October 7, 2020

RE: Further Improving the House Committee on Appropriations

Dear Representatives DeLauro, Kaptur, and Wasserman Schultz:

We write to commend you for releasing proposals to further strengthen the responsiveness, transparency, accountability, and effectiveness of the House Committee on Appropriations. We applaud your energetic campaigns and your continued service to our country.

The House Committee on Appropriations plays an essential role in our democracy, ensuring that funds flow to where they are most needed, agencies are held accountable for their spending, and our country is made stronger, more equitable, and more responsive to its citizens.

We closely follow the work of the Committee and wish to share recommendations for improving its operations. This is not an exclusive list of all the reforms that should be implemented, and we agree with many of the proposals you have put forward. Our recommendations focus on strengthening the ability of all Members of the House of Representatives to more deeply engage in the process and to facilitate public understanding of and engagement with the work of the Committee. We offer the following recommendations:

  1. Provide staff designees to each appropriator
  2. Restore funding for the Legislative branch
  3. Make subcommittee prints more widely available
  4. Improve tracking of reports requested by the Committee
  5. Provide an electronic spreadsheet that shows spending by line item
  6. Encourage public witness testimony
  7. Improve tracking and publication of 302(b) numbers
  8. Contemporaneously release the text of offered amendments

We further explain these items below. Thank you for your thoughtful consideration of our recommendations. Should you wish to discuss this further, please contact Daniel Schuman, policy director, Demand Progress, at [email protected].

1. Assistance to Members

The House Appropriations Committee used to allow every Member of the Appropriations Committee to hire a staff designee [1] — an additional staffer who provided support to each Appropriator in their duties on the Committee. Starting in the 112th Congress, rank-and-file Appropriators were permitted to have staff designees, but new members were not. However, Committee and Subcommittee Chairs are still permitted to have an additional staffer.

We recommend every member of the House Committee on Appropriations once again be permitted to choose a staff designee to support their work on the Committee. The Appropriations Committee workload is sufficiently onerous that Members should be afforded this additional support.

2. Restore funding to the legislative branch 

The Legislative branch plays an integral role in our democracy, but for decades Congress has systematically underfunded congressional operations as compared to the rest of government. Over the last quarter-century, non-defense discretionary spending has increased at twice the rate (58%) as funding for the Legislative branch. Within the Legislative Branch, the lion’s share of new funding has gone to police and infrastructure, with support for legislative, oversight, and constituent services left far behind. For FY 2020, the personal office MRA was set at $615 million, but stood at $726 million in FY 2010 (adjusted for inflation), which is a 15 percent reduction. Spending on Houses committees is down by $115 million since FY 2010, a 25 percent reduction.

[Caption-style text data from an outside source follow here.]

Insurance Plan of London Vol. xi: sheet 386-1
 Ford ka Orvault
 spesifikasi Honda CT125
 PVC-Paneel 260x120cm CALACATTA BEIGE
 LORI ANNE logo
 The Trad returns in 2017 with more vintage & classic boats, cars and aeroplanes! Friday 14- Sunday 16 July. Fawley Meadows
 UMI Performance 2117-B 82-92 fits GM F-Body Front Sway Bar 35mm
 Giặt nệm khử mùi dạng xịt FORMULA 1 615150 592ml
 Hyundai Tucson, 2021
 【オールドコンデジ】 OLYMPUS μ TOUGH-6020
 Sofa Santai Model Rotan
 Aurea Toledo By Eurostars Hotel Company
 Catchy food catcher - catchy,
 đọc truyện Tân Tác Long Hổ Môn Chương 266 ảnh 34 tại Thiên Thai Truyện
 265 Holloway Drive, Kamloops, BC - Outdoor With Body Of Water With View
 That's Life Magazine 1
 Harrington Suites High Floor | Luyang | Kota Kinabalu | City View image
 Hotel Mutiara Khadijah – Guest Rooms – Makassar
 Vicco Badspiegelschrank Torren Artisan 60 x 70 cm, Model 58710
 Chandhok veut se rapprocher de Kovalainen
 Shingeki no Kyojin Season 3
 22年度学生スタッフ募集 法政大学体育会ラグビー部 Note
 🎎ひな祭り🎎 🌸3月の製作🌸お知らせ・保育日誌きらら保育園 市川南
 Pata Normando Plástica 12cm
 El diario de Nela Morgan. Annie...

We recommend an immediate ten percent increase in the 302(b) funding level for the Legislative branch appropriations subcommittee, which would restore its funding levels to historical norms. However, historical norms are insufficient to address the aggregation of power and expertise to the Executive branch and the increased obligations placed upon the Legislative branch. Accordingly, we further recommend additional funding above this base-line to strengthen the Legislative branch as it engages in its legislative, oversight, and constituent service duties, as well as address its increased infrastructure and safety costs.

3. Subcommittee prints

Each appropriations subcommittee prepares a subcommittee print for each fiscal year, which is a report that explains the annual appropriations bill in significant detail. This document is far more detailed than the Committee reports that are made publicly available. Among other things, it explains the legislation line by line in exhaustive detail, includes spending tables going back at least a decade, and has detailed information on agency operations. The report usually has very limited circulation.

We recommend each appropriations subcommittee’s “subcommittee print” for each fiscal year be provided to all members of the Appropriations committee upon request; and it should be made publicly available (with appropriate limitations for certain items) upon its completion or upon the chamber’s adoption of the underlying measure.

4. Reports Requested by the Committee

Appropriators should improve how they track and manage reports. This will facilitate informed policy-making by making sure requested reports are received, support Congressional (and public) access to the reports, and ensure long-term preservation.

We recommend each appropriations subcommittee keep a list of all reports requested by the subcommittee in the Committee report accompanying each appropriations bill. That list should identify outstanding and submitted reports, and that list should be provided regularly to all members of the subcommittee. The full Committee should maintain a combined list of all reports requested in this fashion.

We further recommend that all reports be stored in an electronic format in a central archive that is jointly maintained by the majority and minority staff. The subcommittees should be encouraged to consult with an archivist or an electronic records management expert to ensure long-term access and preservation. Archived reports should be routinely made available to members of the subcommittee. In addition, reports should be routinely made available to members of the full committee upon request, and as appropriate to other members of the House.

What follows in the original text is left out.